■ **WHAT THE TASK REQUIRES**
Would you copy exactly the lines in the data below from the one that has "Agricultural worker standing" through the one that has "A young woman", dropping any pictures?

■ **RECORDS TO USE**
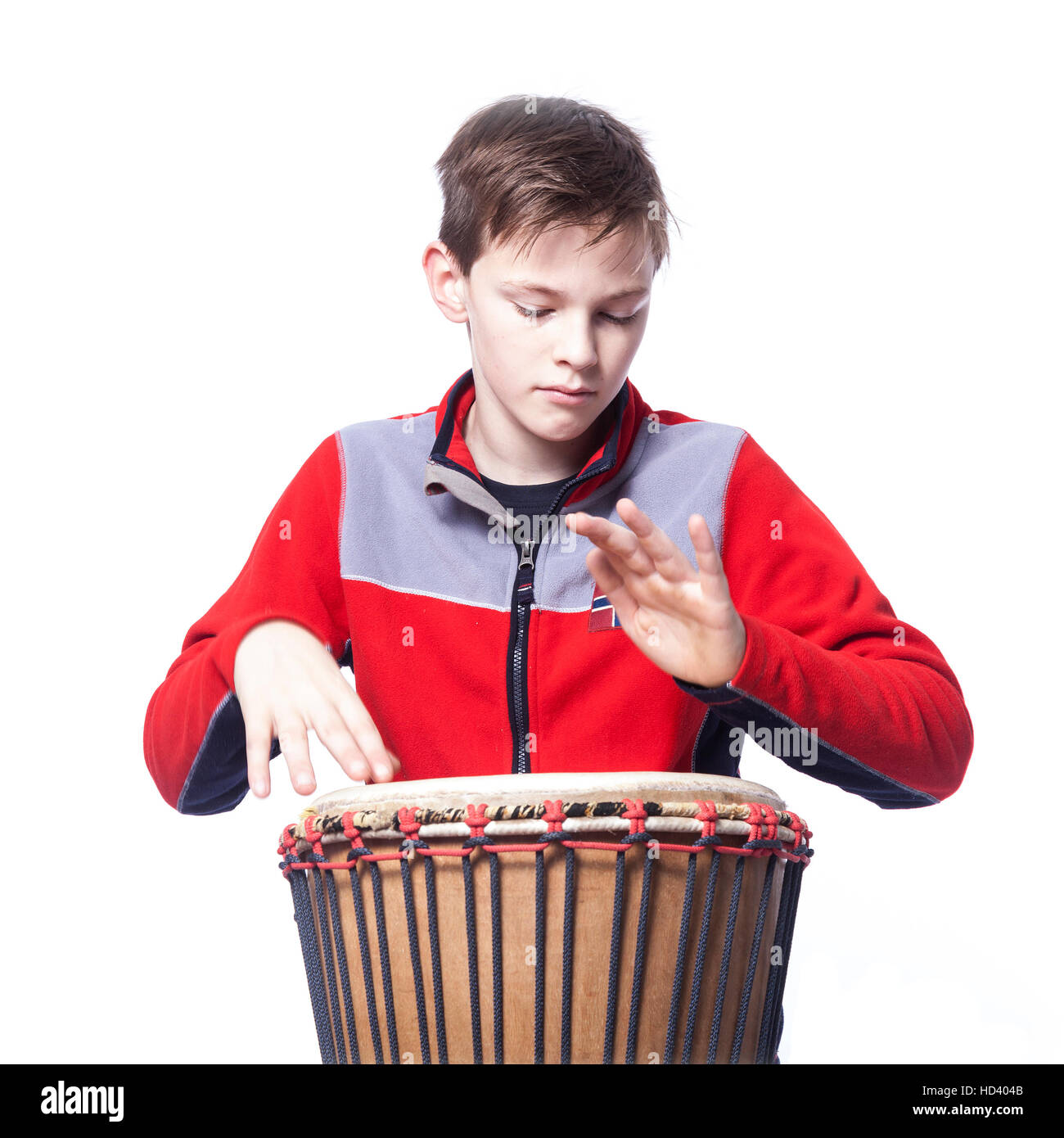 Kaukasische Teenager spielt die Djembe im Studio mit weißem Hintergrund Stockfoto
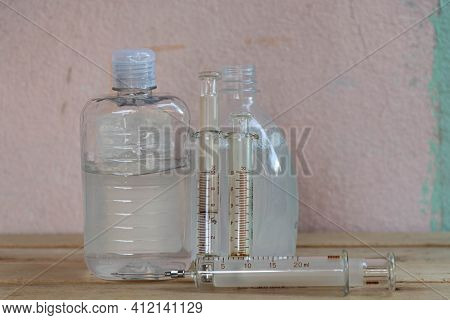 Bottles Of Alcohol Gel And Syringes On Wooden Background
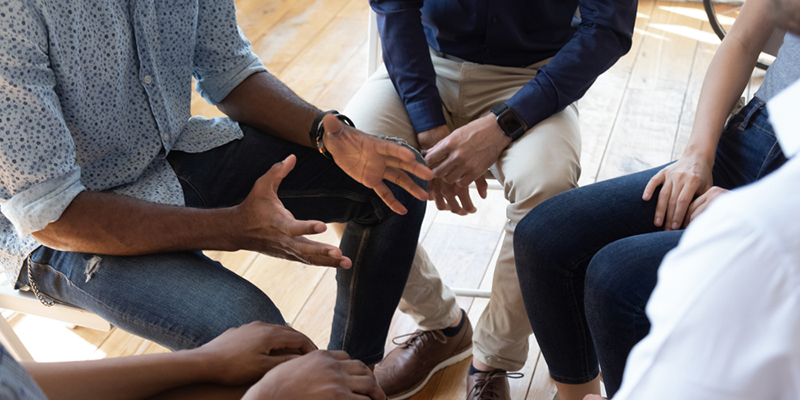 Close up of people's hands talking in a group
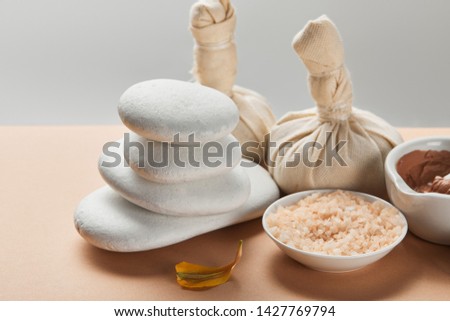 sea salt, clay, stones and yellow flower petal on beige surface isolated on grey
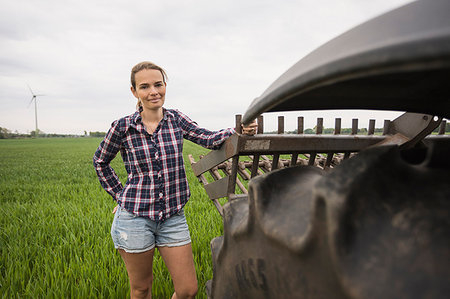 Agricultural worker standing next to a tractor in field Stock Photo - Premium Royalty-Free, Code: 6126-09204577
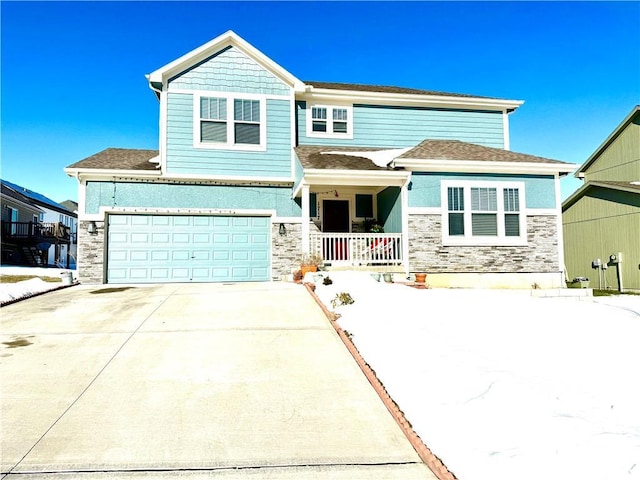 craftsman-style house with covered porch and a garage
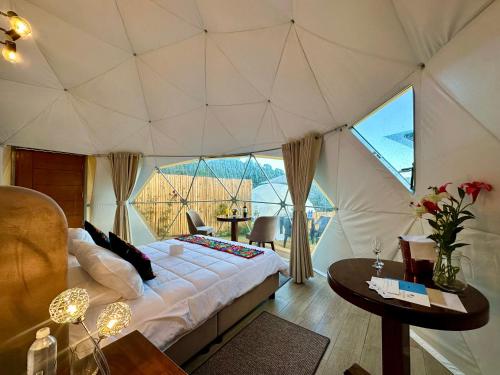 a bedroom with a tent with a bed and a table at MISKI SAMAY DOMO BOUTIQUE in Urubamba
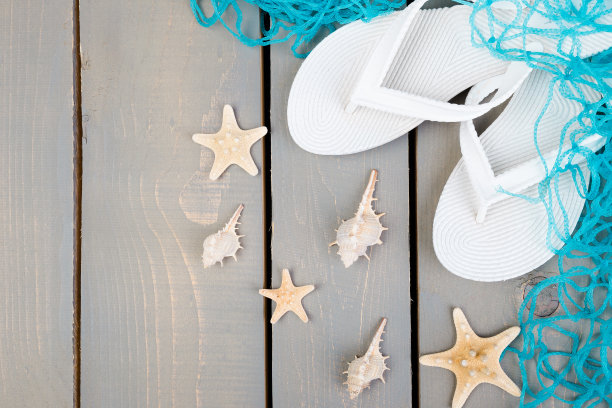 贝壳和白色人字拖灰色木制背景。平的。图片下载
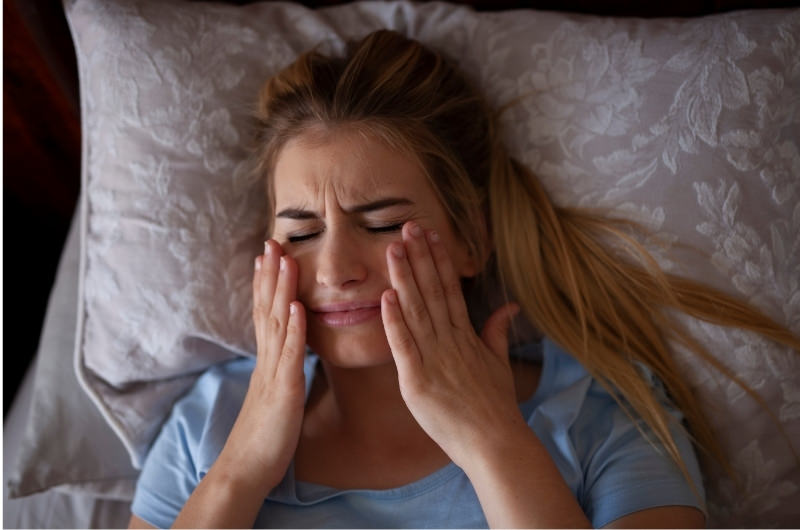 A young woman who's suffering from TMJ (Temporomandibular joint) pain is clenching her jaw in pain in her bed.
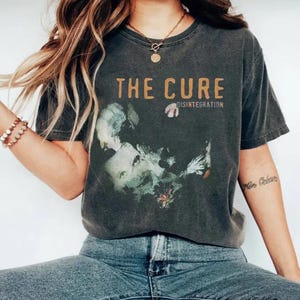 May include: A charcoal gray short-sleeve t-shirt featuring the text THE CURE and DISINTEGRATION in a tan font. The graphic includes a faded, artistic portrait of a person surrounded by abstract floral elements in muted green and white tones.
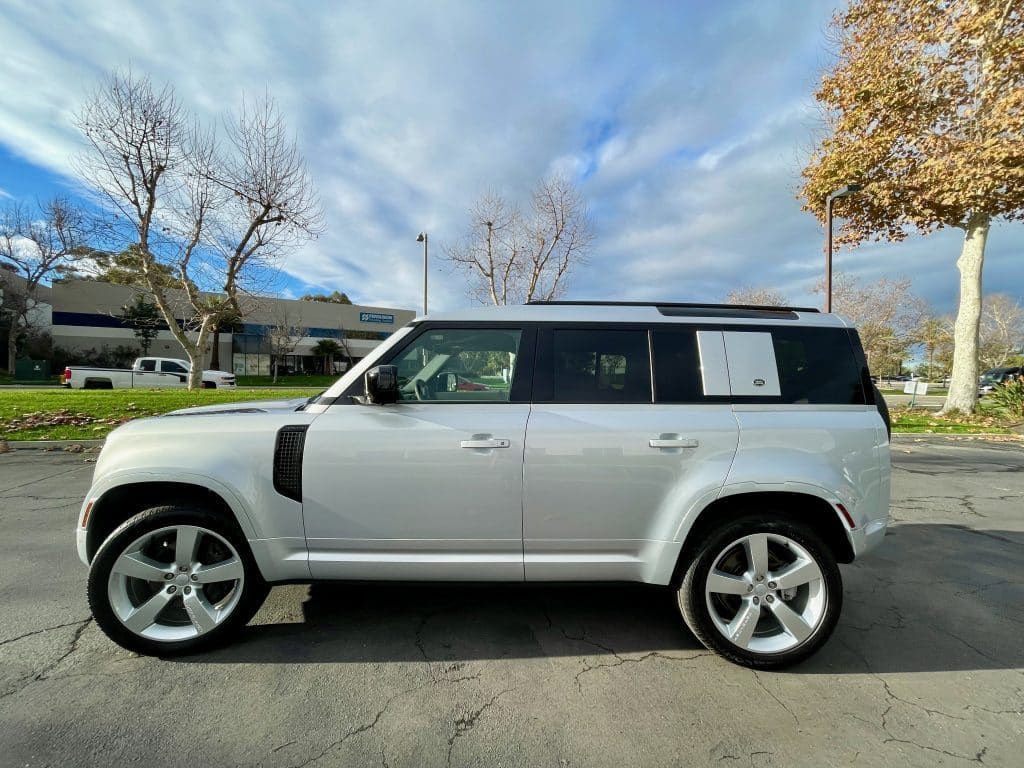 A white land rover defender is parked in a parking lot.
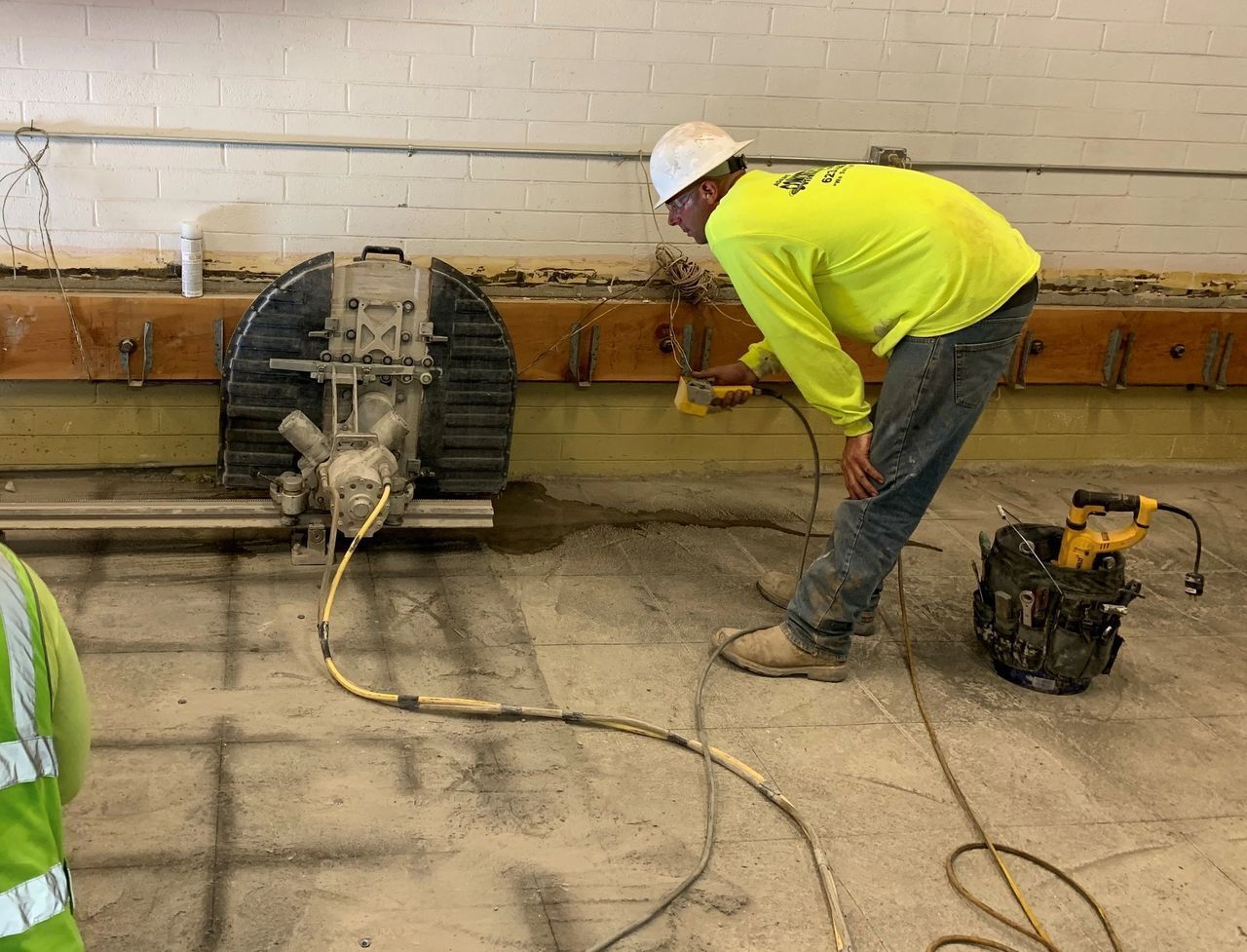 A man is cutting a hole in the floor with a machine.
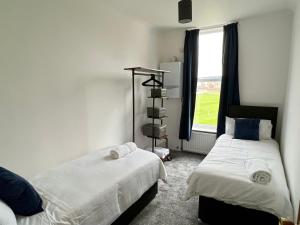 two beds in a room with a window at Sandy shoes in Scarborough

■ **FINISHED TASK**
 Agricultural worker standing next to a tractor in field Stock Photo - Premium Royalty-Free, Code: 6126-09204577
 craftsman-style house with covered porch and a garage
 a bedroom with a tent with a bed and a table at MISKI SAMAY DOMO BOUTIQUE in Urubamba
 贝壳和白色人字拖灰色木制背景。平的。图片下载
 A young woman who's suffering from TMJ (Temporomandibular joint) pain is clenching her jaw in pain in her bed.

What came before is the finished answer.